PCT: Somewhere to Somewhere in NorCal



Stats:


Big views and a big day of hiking for us.  I felt like crap most of the day with a headache, leg aches and shoulder pain and yet I still loved hiking the trail.   When you love everything changes.  

The young Japanese man came toward us on the trail and he bowed ( deeply) and said excitedly in broken English, “I saw brown bear,” he pointed back down the  trail, “and two baby black bears”.  Then he beamed and said, “I like nature”.   We complemented him on his achievement of hiking California and he bowed deeply again and thanked us.   

All day long we have brief encounters with others on the trail.   Too many for me to document in detail, but it adds a very human connection while enjoying nature and pushing our bodies a bit to feel more alive.  

This is the adorable Czech couple we met.  Lumber and Jack.  She said in the beginning they both had plaid shirts.   Lol!   Jack also has a really bad case of poison oak on her legs.  

The trail in Oregon was quite soft and smooth and no blowdowns.   Then we made it to the border and it all changed.   

Rocks and blowdowns and a very dying and decaying forest.  The soil type did change, and that’s part of it, but we also need to manage our forests better.  We should be logging our National forests.   This will help clean them up and protect them from fire.  I’m climbing off my soapbox now.  

We saw a fawn and many birds and lots of flowers today.   This one looks like it’s fake. 


These tiny ones are really weird and covered hundreds of acres.  I will have to do some in investigating later to figure out what they are.  

Our destination for the day was mud springs.  When we got to where our app said the springs were and we opened the map on our app, the springs disappeared on the electronic app.   A man walked up to us at this moment and said he needed water, and did we know where some was.   He’s doing some big adventure across the western states and doesn’t have any map app and you could tell he looked down on PCT thru hikers.   He said he used paper maps and a guide book.  We were cool, he said, because we were out doing our own thing.   He shook our hands and said we looked great ( for our age! Lol)  We did find on our map app a different spring, but it was nearly a mile in the wrong direction for us and not on trail, so we decided to continue a few miles on to a stream, while Travis the adventurer hiked off to the spring without his own map app, but pleased to have used ours.  
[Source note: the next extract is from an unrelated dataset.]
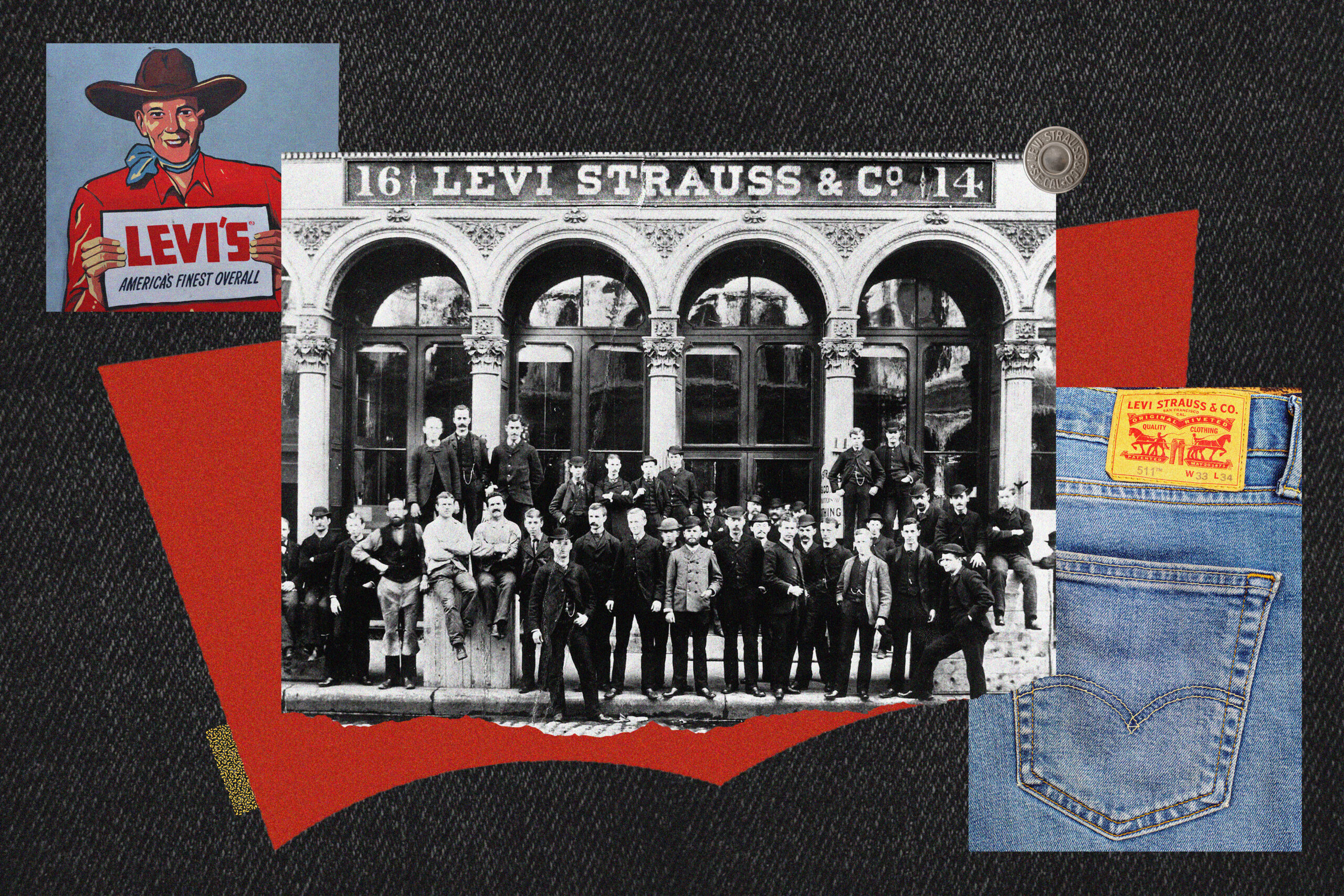 The Real-Life Levi's® Saga of the Traveling Pants - Levi Strauss & Co :  Levi Strauss & Co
 Hawkeye wins again though, by noticing a very well used cow trail that led to water.   It wasn’t even on our map, but he found it with his keen observation skills and we did not have to hike two more miles in the twilight.  

We found a camping spot, just below a ridge and are enjoying watching the clouds float by and a few late hikers.  We haven’t been using the map app’s listed camp sites very often because they are crowded with all the thru hikers.  I don’t think we’ve ever section hiked against the flow of northbound hikers before.